So I am standing in an Edinburgh bus stop explaining my idea to my friend Mo. I have known Mo since I was seventeen, and I love him dearly, probably more than 99.9 percent of the world, and one of the reasons I do, to paraphrase the old childhood verse, is because his name begins with an M (just like mine) and just like me he is as malleable as moonlight, with a mercurial personality that is capable of metamorphosis at any moment. Also, he, like me, has more than one name. Most of the world calls Mo Mike, because his real name is Michael. (Mo was short for Morris, the cat from the old Nine-Lives commercials.) Mo’s Chinese name is Ming. Meanwhile, most of the world calls me Mei, except for credit card agencies and the government, which knows me as Yuching. My mother’s family calls me Ching, my little brother calls me Jie. To Mo, who is from time to time my older brother, I am Sister, Mei, Mei-mei (the Chinese word for little sister), Short Person, and Brat.
Mo knows my habits better than my mother. He knows that if I do shots of cheap whiskey in a pub at one o’clock in the morning with a bunch of sexually ambivalent actors, then fun will ensue. But he also is privy to the subtler machinations of my make-up; that, for example, the only way to wake me up is to let me sleep for thirty-five minutes longer than the time I’ve requested to be woken. Since we have known each other, Mo has been my third cousin, first cousin, my brother, and my best friend, depending on who we are introducing each other to, and our moods. 99.9 percent of people who know us both believe that we are related by blood. They are wrong.
In any case we are standing in the midst of the ice-cold pelting rain that makes Edinburgh in August the special place that it is. “It’s cooking the book. Literally,” I say, my teeth chattering. “I mean, there are plenty of blogs out there where people cook their way through recipe books, Julie and Julia, etc. But while I read recipe books, I don’t cook from recipes. What I do, often, is cook something that’s inspired by whatever novel I’m reading.”
“Hm,” says Mo. He lights a cigarette, offers me one and lights mine. Mo remains the one person in my life with whom I smoke even though, as the years have gone by, we do it less frequently. “Okay.”
“Like when I was reading the Wind Up Bird Chronicle, I made a lot of spaghetti. And I was sort of off meat after the flaying scene. Or after Brideshead, I was really into caviar.”
“Yeah,” he says, “that was unfortunate for everyone.”
I am here in Edinburgh only for a day and a night. We have not seen each other for six years. He lives in China and I am based in New York. It is a little “wack,” to borrow Mo’s word. The bus comes and like the tourists we are, we scramble to the top of the double decker bus and sit up front as the rain sluices the windows and the shops wind underneath us.

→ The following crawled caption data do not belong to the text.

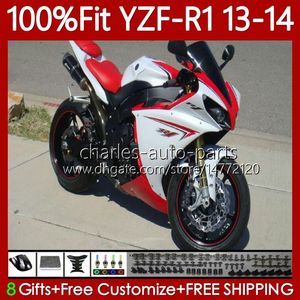 100% Fit OEM Codework для Yamaha Moto YZF-R1 YZF-1000 YZF R 1 1000CC 13-14 Body 94NO.11 YZF R1 1000 CC YZFR1 13 14 YZF1000 2013 2014 впрыскивая плесень обтекатель белый красный BLK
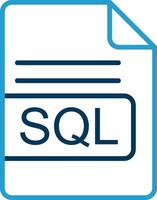 SQL File Format Line Blue Two Color Icon vector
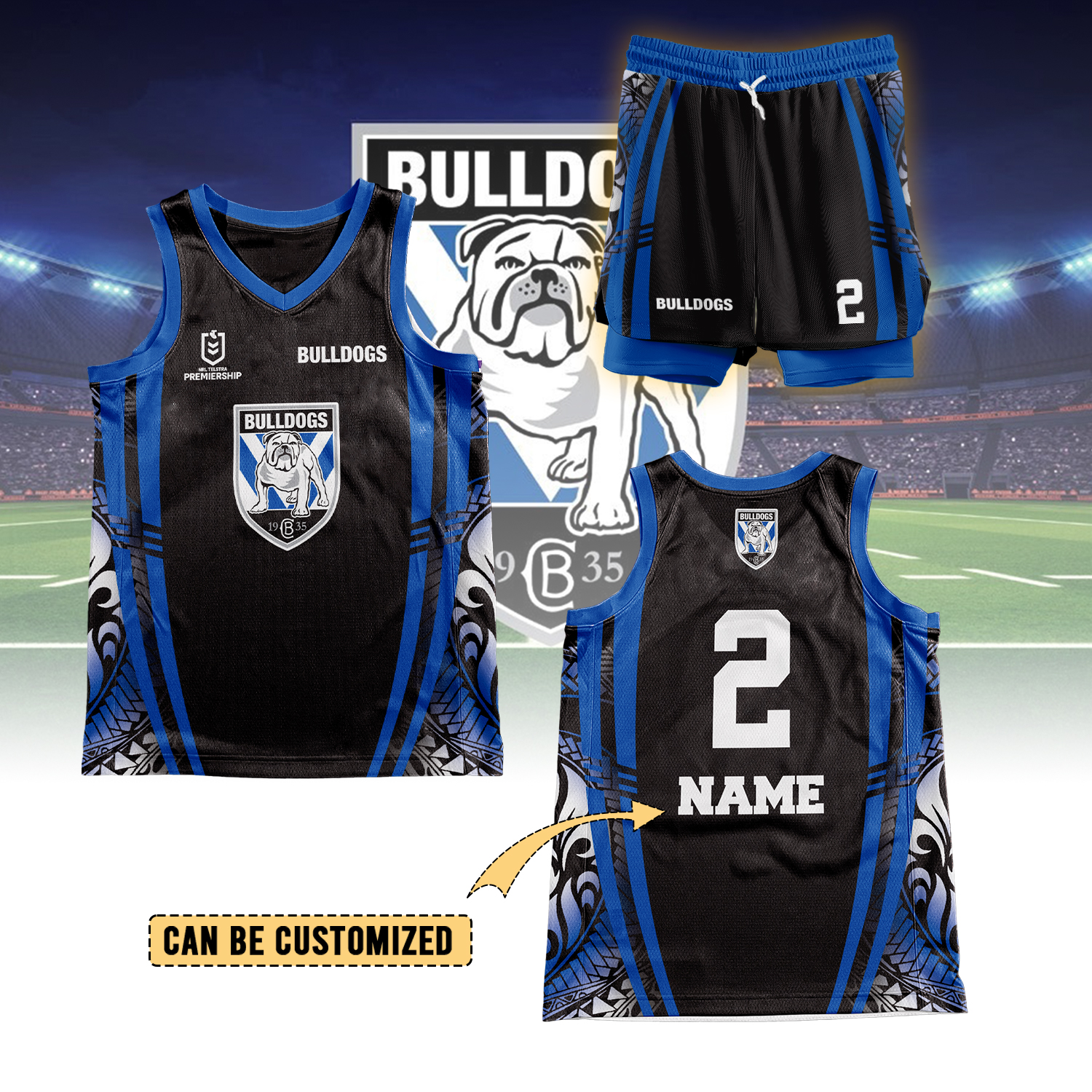 Auspiritmerch Canterbury-Bankstown Bulldogs Personalized Basketball Jersey Set Gifts For Fans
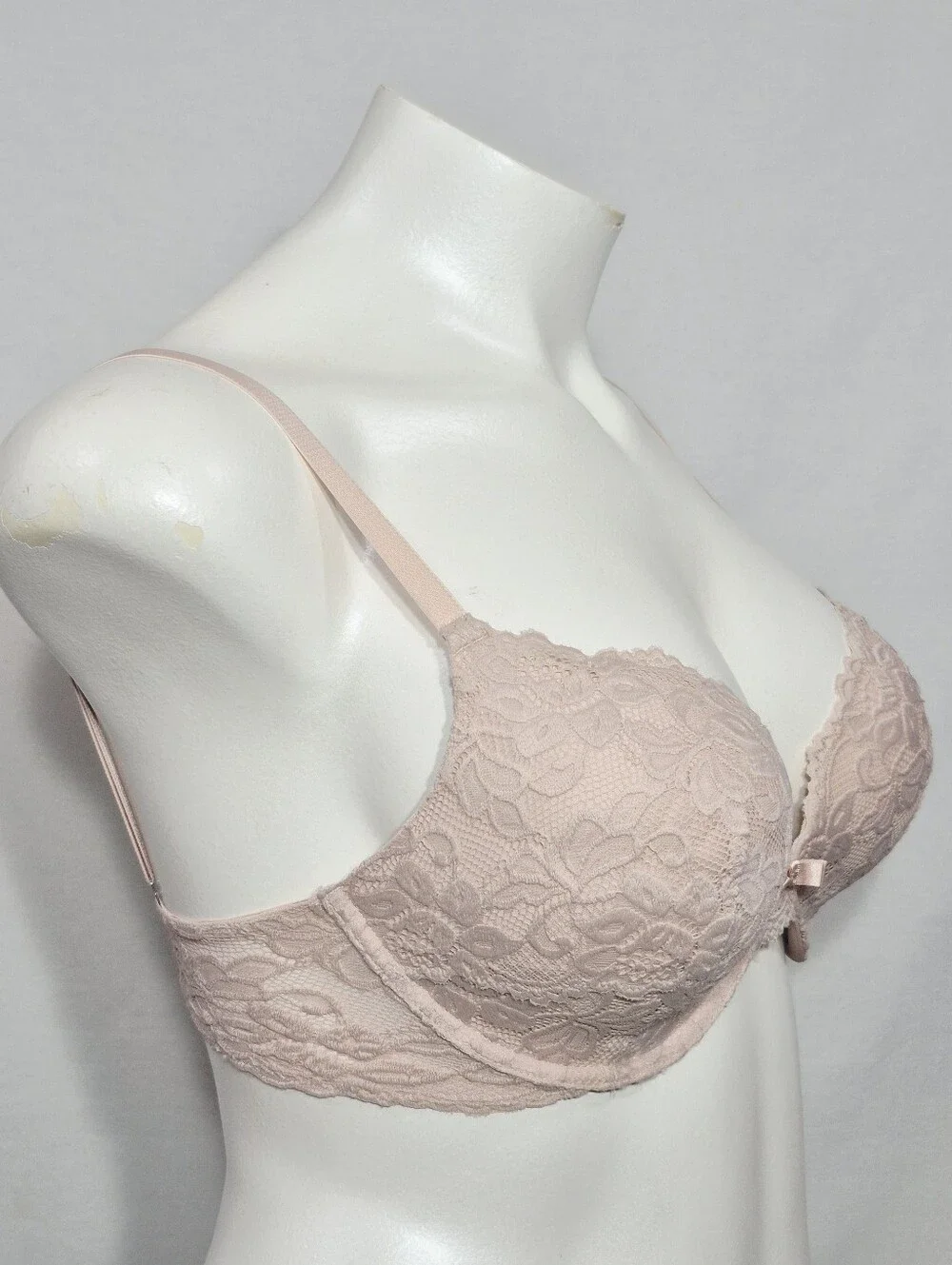 34F Fredericks of Hollywood Jessica Lace Deep Plunge Push‎ Up UW Bra Beige NWT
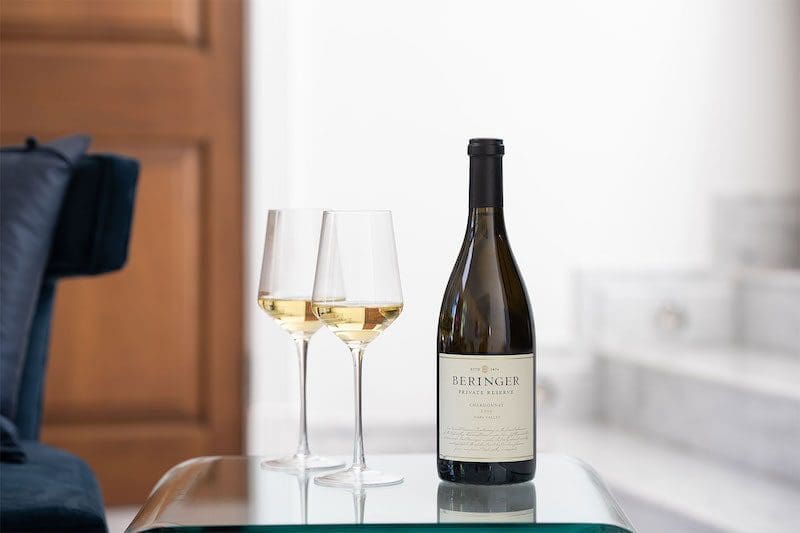 Chardonnay glasses on table living room luxury reserve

“God, I love this city,” says Mo. “Everything’s so old. In China, nothing’s old, which of course is ironic.”
There is the pewter sky, and the Gothic stone facades, and just yesterday, we took a cab and our driver was a skin and bones crone who literally croaked when she called us luv. In my mind, she was Miss Havisham with a heroin habit, but Mo is taken with the whole Scottish thing, and thinks that she was reading newt innards in the front seat. We just couldn’t see it.
“What would you cook after reading Trainspotting?” he asks me after a long pause.
“Actually, I haven’t read it,” I admit, and pause. “And I haven’t seen the movie.”
“Sister, that’s just wrong.” Mo believes that my culture is sorely deficient in gaps. I have not seen Tropic Thunder, and I couldn’t read later Phillip K. Dick.
“I know.” I read The Acid House and Ecstasy when I was a teenager and decided Irvine Welsh was not for me. Irvine Welsh writes in what my (actual) brother Yar calls “retard-speak” which he defines as “anything written in vernacular or a made-up language, with no quotation marks.” Retard-speak books include A Clockwork Orange, Peter Carey’s True History of the Kelly Gang and Real History of Tristan Smith, and the complete works of Cormac McCarthy. Mo likes retard-speak books. I do not, because I am too dumb. I was really, really proud of myself when I got through A Clockwork Orange.
I say, “But I know what Trainspotting is about, and I’d imagine that it doesn’t exactly stimulate the appetite.”
Mo says, “Actually, I think there’s quite a lot of sausage and chips.”
I say, “But probably not in a good way. Actually, if I read Trainspotting, I’d probably make a salad. Which, in the context of my idea,” I add brightly after some thinking, “is completely valid.”